Monday, December 3, 2012

A Day in the Glades

Staying in the same place two nights in a row is a bit of a luxury for road trippers. It was nice to wake up and not have to jump out of bed to repack the bags and the car and we even got a load of washing done before heading off for further exploration of the Everglades.

Our first stop was the Robert is Here fruit stand. The fruit shop has been built on the same spot that a much younger Robert had a fruit stand as a little boy and now it's a thriving family industry complete with some animals to feed and the best milkshakes you will ever taste. I was drawn here by previous trip reports extolling the magnificence of Robert's milkshakes and I wasn't disappointed. Taine had dragon fruit, I had strawberry & key lime and Geoff had papaya. They were all delicious.

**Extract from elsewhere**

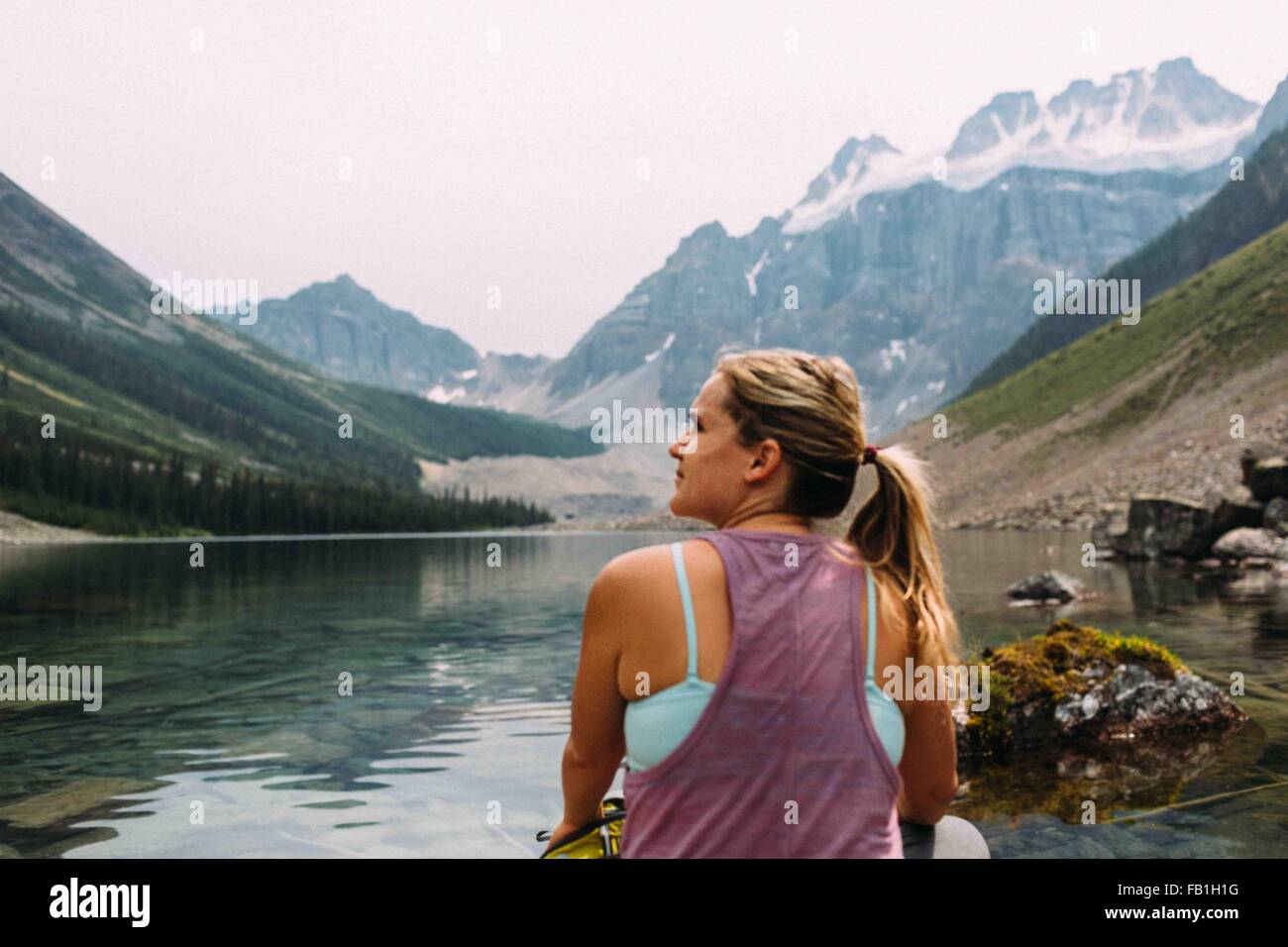Ansicht von hinten Mitte erwachsenen Frau sitzen am Rand des Wassers wegsehen, Moraine Lake, Banff Nationalpark, Alberta Kanada Stockfoto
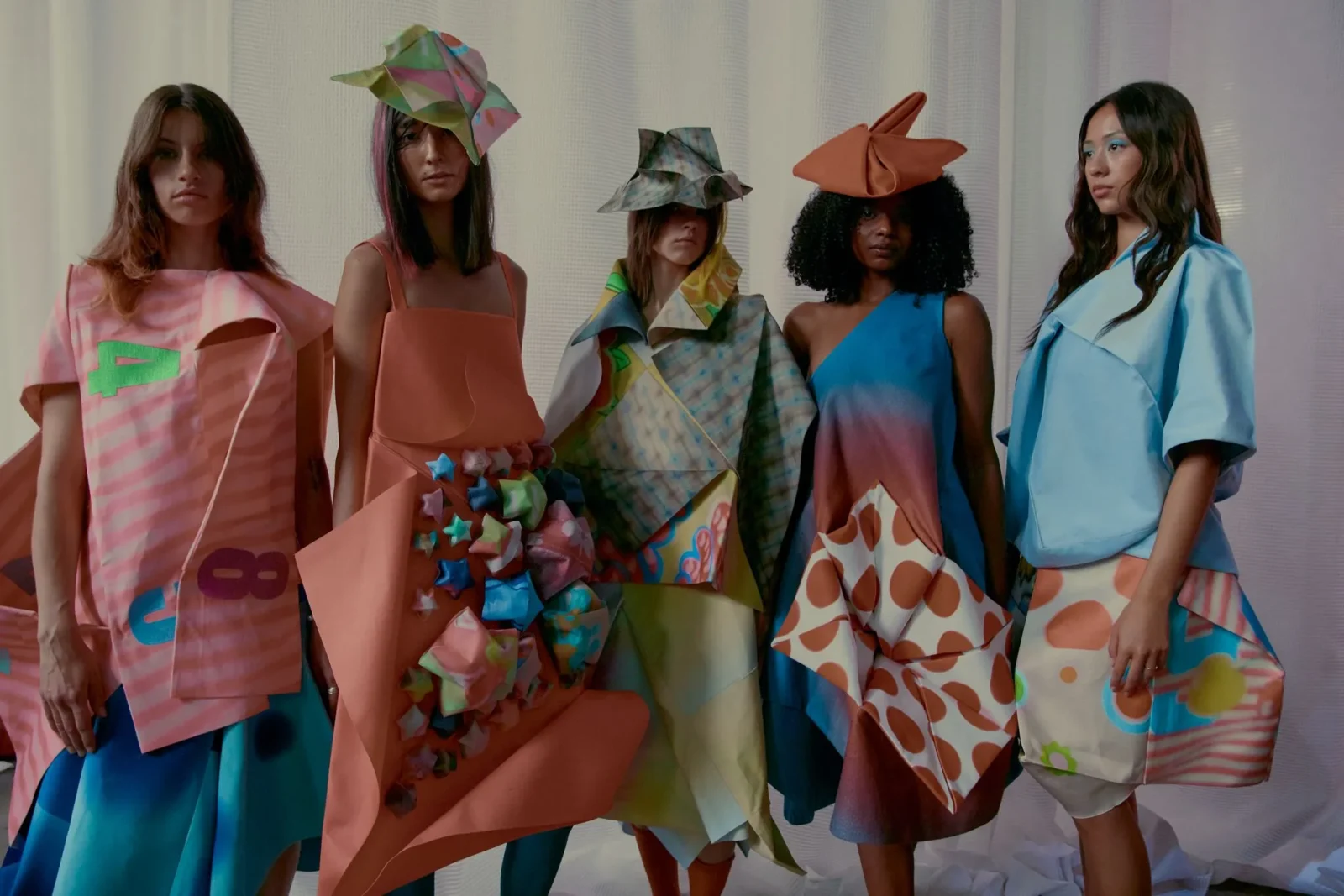 Five models stand side by side in bold, multicolored avant-garde outfits and sculptural hats during a fashion photoshoot in a pale setting.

Then it was on to the Everglades Alligator Farm for an airboat ride and another look at the local gators. The airboat ride was fun and after years of watching Miami Vice & CSI it was one of those 'must dos' for Australians. We do try not to do any damage to the local environment while we're traveling so was a bit of a conscience struggle. The Everglades is a beautiful and delicate eco system and I'm pretty sure the noisy airboats aren't doing anything to help the balance of nature.

The farm also had the ritual gator feeding session. The pond (about 50 metres across) housed 250 adult alligators, most of whom looked like concrete statues lying on the banks when we got there. In fact, I was ready to bet money that some of them were fake. However, when the bell went for feeding time they were like my Year 9 english class when the lunch bell goes, suddenly becoming very animated (in an alligatorish kind of way!). I wasn't overly impressed with the feeding session or the snake display even though Taine got to be the star of the show pulling snakes out of the bag. Nevertheless, the farm was reasonably priced and I was satisfied that we'd 'done' the Everglades.

From there we entered the Everglades Park itself ($10 per car) and made our way to the Royal Palm Info Centre to walk the Anhinga Trail. Anhinga are birds that live in the glades. The spend a lot of time spread eagled in the trees to dry their wings. The track was a nice way to see the everglade environment  in its wild state. We saw lots of bird life and fish and quite a few gators. It's about 1km long which is plenty. There's only so much waving grass we can manage in one day.

Craving a home style salad we called back in at Robert is Here and bought some salad greens, cherry tomatoes, cucumber and an enormous avocado. Combined with a bag of frozen vegies and some fried chicken I think we've staved off the scurvy for another day.